I woke up feeling dazed and confused today. I just couldn’t understand where I was. A few moments before, I’d been driving a morris minor down a sunlit road.
It must have been a spring day because the sky was that bright, fresh blue you only really get on spring mornings, and the grass and trees looked young and green.
I was wearing a hat. And what felt like an old, starchy shirt and tie. The sleeves were rolled up to the elbows. Sunlight angled in and lit the wooden dash, then fell in interrupted stripes across my trousers. I was happy. The road was ahead, and the engine ticked as the hopeful young world sped by.
And then, without warning, as if something hot and terrible had happened, that spring sky suddenly turned jet black, the stuffy air rushed in through my nostrils and I was conscious of the sound of rain, pounding on glass, hammering the window, a thousand tiny fists desperate to burst in, to flood the car, and pull me under. The blackness swirled, slowly spinning and resolving into squares, perhaps a door, perhaps a towel, perhaps a coat, perhaps the early morning light of a November day, stumbling in through the windows of my father-in-law’s house. I was awake. It was autumn after all.
It took me quite a long time to properly get going today. Somehow dreams have a habit of pulling everything except your heart back into reality. My brain was limping into the morning, but my heart was somehow still in the dream.
Sammy made me porridge and a cup of tea. I’m very thankful for her; these are kind things to do for someone who can barely talk. All I had were half sentences and a few noises, all of which were in danger of sounding terribly rude. It’s one of the things I resolved to do when I stopped being a teenager - remember that sometimes the words are fully coherent and beautiful inside the head, but that they have a hard time finding their way out through the tongue. I knew I needed to remember that when I was grown up. This morning, I tried hard not to grunt.
What do you suppose that dream was about? A sort of longing for the past? A nostalgic feeling that I missed out on something? Or that I was once on a journey that was happy and hopeful, and I’m no longer on that road? Or just an odd night-time dream that’s not really supposed to mean anything?

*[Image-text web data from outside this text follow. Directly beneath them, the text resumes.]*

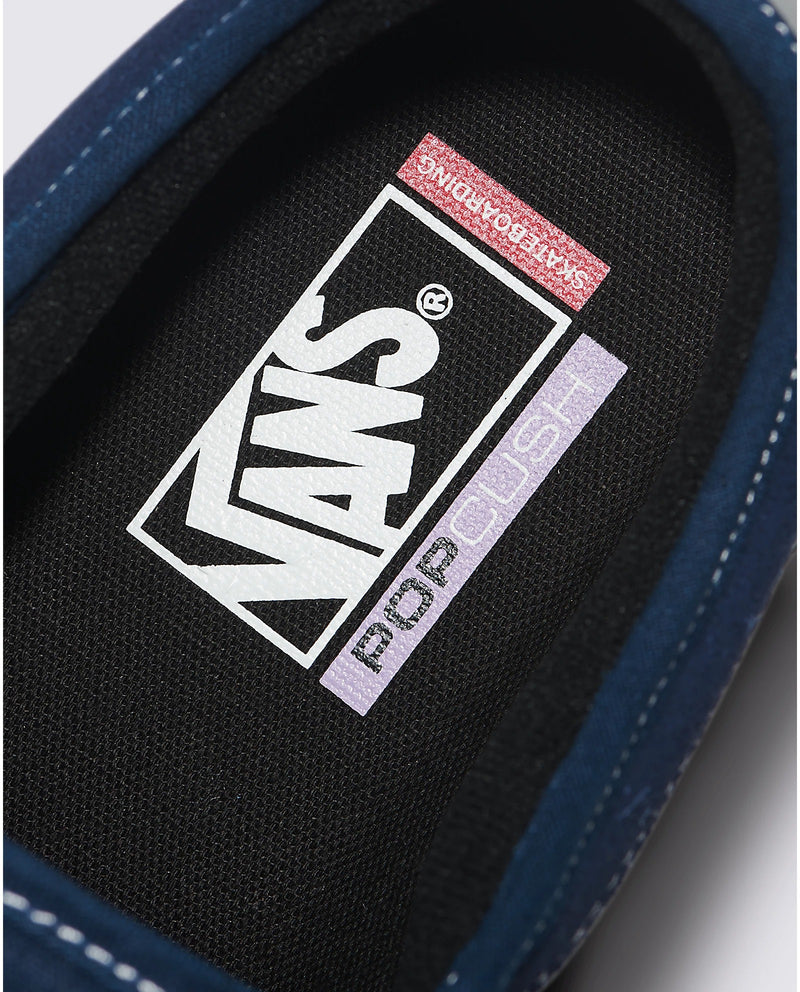 Vans Skate Chukka Low Sidestripe insole with black cushioning and Vans PopCush branding in white, purple, and red, close-up view.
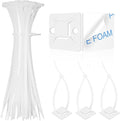 Zip Tie Mounts - SeuYeugX 100 PCS Cable Self Adhesive Mounts Set for Wire Management with Stick Pads Anchors Clips Squares Holders (White)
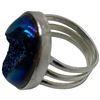 Image 3 : 4 New Rings Stamped .925 (Clear and Sapphire Crystal) longest ring face is 20 mm * Total weight: 25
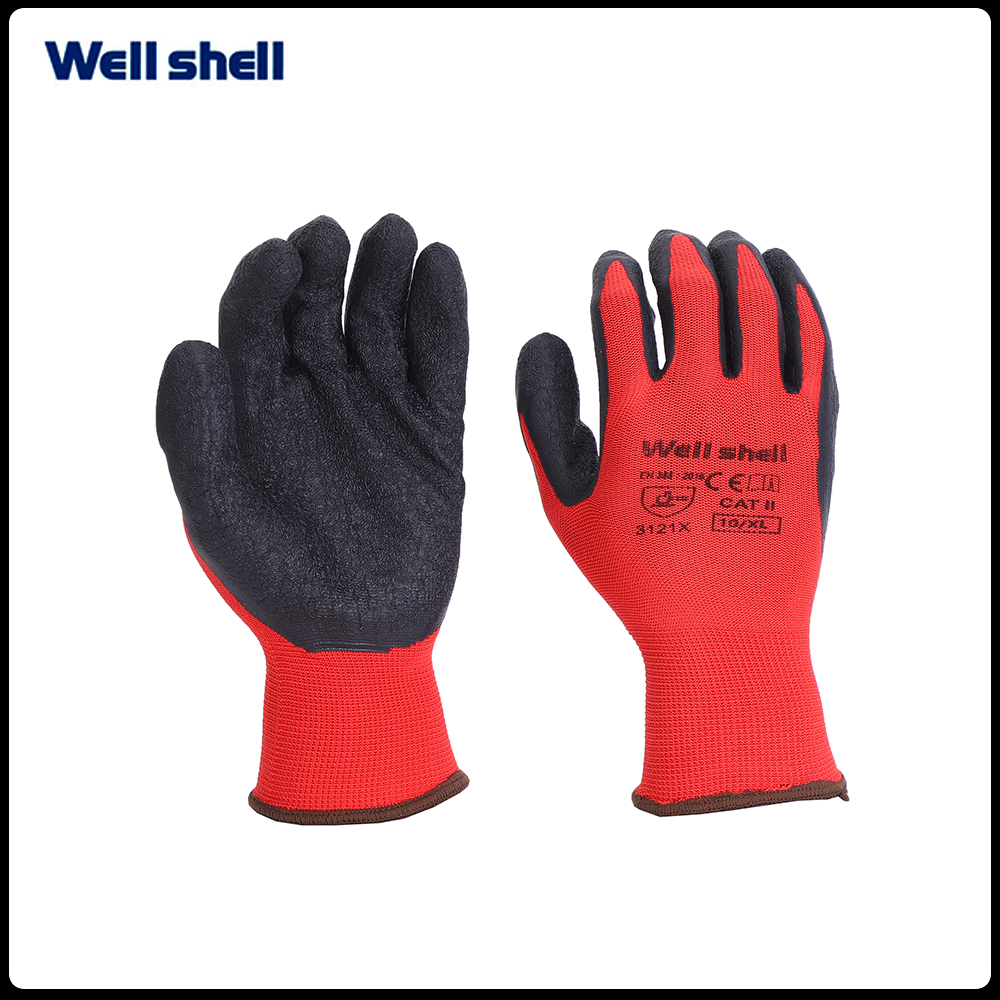 Well Shell Crinkle Latex Rubber Hand Coated Safety Work Gloves WL-LC110-4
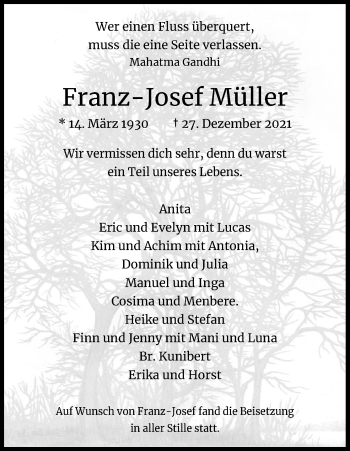 Anzeige von Franz-Josef Müller von Kölner Stadt-Anzeiger / Kölnische Rundschau / Express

Sammy went to work. I sat at the kitchen table, scrolling mindlessly through instagram, dangling a spoon over a bowl. The bright halogen light clashed with the angry-looking sky above the trees and houses. Pretty soon I’d need to head out there, get to our house for the day, and work. It all seems a thousand miles and a hundred years away from the sunlit dream and the morris minor.
I’m probably just exhausted to be honest. Hopefully, we’ll get to go home soon.